Dockery noted the changes in educational offerings at Baptist institutions – with colleges offering more graduate degrees and seminaries providing undergraduate degrees. He said continued collaboration between the seminaries and the colleges and universities that want to relate to the SBC could foster a constructive conversation about the work of Southern Baptist academic institutions.

Dockery added that he is encouraged by a stronger relationship between academic institutions and churches in recent years.

“We have moved from an ingenious programmatic emphasis toward a greater emphasis on the gospel and theological conversations within the commitment to the full truthfulness of the Bible, our Trinitarian commitments, the centrality of the gospel, a renewed sense of the lostness of men and women around the world and the need for a missional understanding of our calling in the academy,” Dockery said. “I think that has been a very significant development.”

But even with the improvement in the church-academy ties, Dockery said the connection between educational institutions and churches still needs to be stronger.

“I think it’s important that we recognize that we work hand in glove in this regard,” he said. “We need to develop an ongoing theology of the church in order to do theology for the church.”

Mohler echoed Dockery’s sentiments about church accountability, stating, “Church control isn’t pretty, but it is deadly necessary.
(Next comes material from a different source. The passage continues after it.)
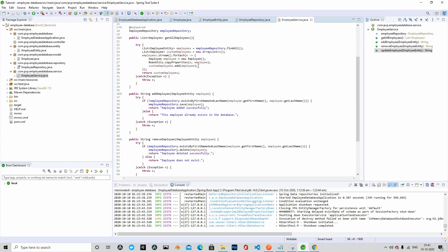Welcome back to PXP channel. In the last episode we built the service class. In this episode we will build the controller. Let's get started.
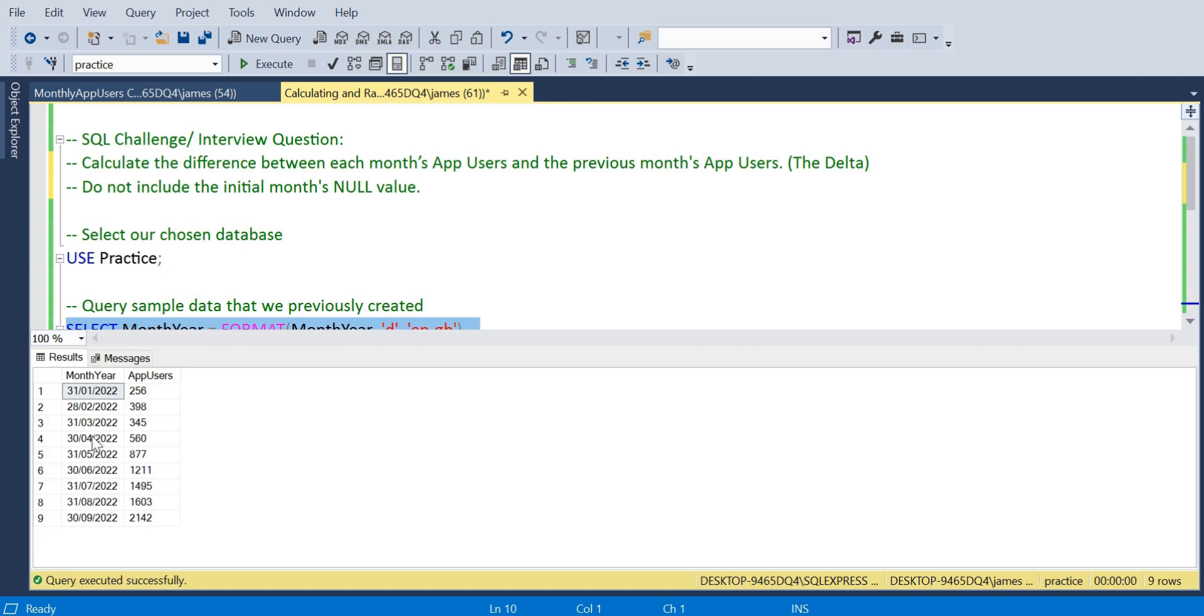This would be a pretty common requirement where we want to view that growth. As we move on, because you would expect if things are going well, a positive growth to take place.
Otherwise, the institutions are lost.”

Morgan, likewise, underscored the role that the university plays in developing leaders for the church.

“As we think through what it means to raise up leaders for church life – which is the point of a seminary and the point of a university, to raise up Christian leaders in various vocations for the sake of the Kingdom – then I think the church-saturated nature of that has to recapture us,” Morgan said.

While Morgan said pastors should be developed through the writings and teachings of professors, he said the university should also play a role in the development of the Christian businessman, the Christian nurse and Christians in other professions.

“The university can be in the middle of forming their worldview,” he said.

Dockery said that universities, which focus on liberal arts, and seminaries, which focus on theology, would do well to learn from each other.

“We would do theology better with a broader understanding of a liberal arts framework, and certainly at the university level, we would do our work much better with a theological focus and a theological grounding, so that together we are working in conversation to develop a generation that can have a mind for truth and a heart for the things of God,” Dockery said.

Dockery said educational institutions also must work together to address issues related to theology and science, beginning with a common commitment to a historical Adam and Eve. He also referenced the rise of Christianity in Africa and Asia, saying that Baptist colleges and seminaries have much to learn from theologians on those continents.

“I think it will be very, very important for us to understand our educational task in a more missional way, an understanding that must be grounded in the uniqueness of the gospel,” Dockery said. “So many of the scholars and leaders who are focusing on the issues of globalization are willing to punt on that particular doctrinal issue. We must never do so.”

(EDITOR’S NOTE – Tim Ellsworth is director of news and media relations at Union University in Jackson, Tenn.)